**WHAT THE TASK REQUIRES:** Skip the pictures and copy all the data that follows exactly.

**SOURCE MATERIAL:**
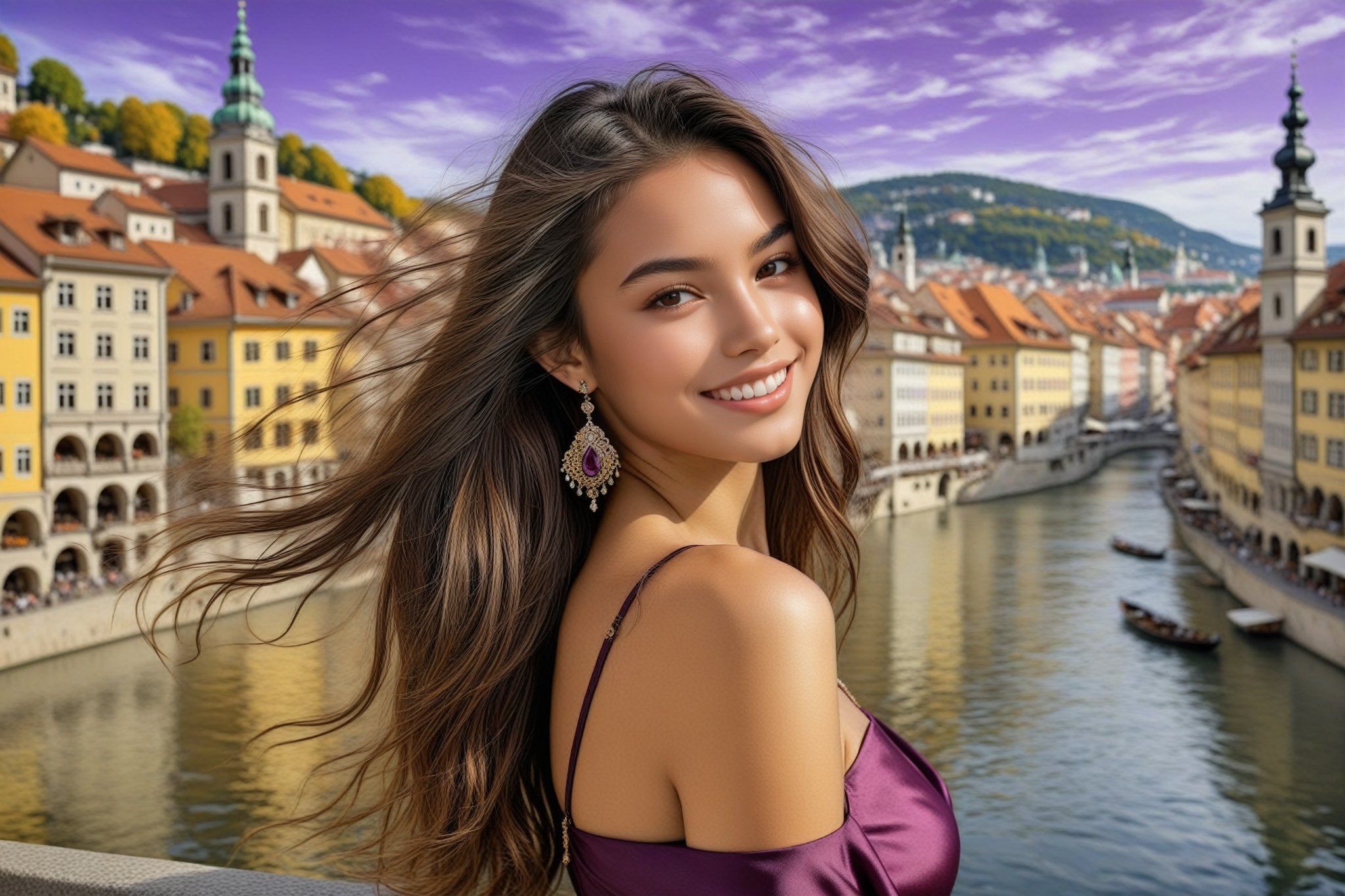 Hyper-Realistic photo of a brazilian girl,20yo,1girl,perfect female form,perfect body proportion,perfect anatomy,elegant dress,detailed exquisite face,soft shiny skin,smile,mesmerizing,disheveled long hair,small earrings,necklaces,(plum color:1.0),(backdrop of the old town of Graz, Austria's second largest city, located on the River Mur and long a popular stopover for tourists:1.2),(fullbody:1.2),(highheels:1.2),girl focus
BREAK
rule of thirds,perfect composition,studio photo,trending on artstation,(Masterpiece,Best quality,32k,UHD:1.5),(sharp focus,high contrast,HDR,hyper-detailed,intricate details,ultra-realistic,award-winning photo,ultra-clear,kodachrome 800:1.3),(chiaroscuro lighting,soft rim lighting:1.2),by Karol Bak,Gustav Klimt and Hayao Miyazaki,real_booster, photo_b00ster,ani_booster,art_booster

**WRITTEN RESPONSE:**
 Hyper-Realistic photo of a brazilian girl,20yo,1girl,perfect female form,perfect body proportion,perfect anatomy,elegant dress,detailed exquisite face,soft shiny skin,smile,mesmerizing,disheveled long hair,small earrings,necklaces,(plum color:1.0),(backdrop of the old town of Graz, Austria's second largest city, located on the River Mur and long a popular stopover for tourists:1.2),(fullbody:1.2),(highheels:1.2),girl focus
BREAK
rule of thirds,perfect composition,studio photo,trending on artstation,(Masterpiece,Best quality,32k,UHD:1.5),(sharp focus,high contrast,HDR,hyper-detailed,intricate details,ultra-realistic,award-winning photo,ultra-clear,kodachrome 800:1.3),(chiaroscuro lighting,soft rim lighting:1.2),by Karol Bak,Gustav Klimt and Hayao Miyazaki,real_booster, photo_b00ster,ani_booster,art_booster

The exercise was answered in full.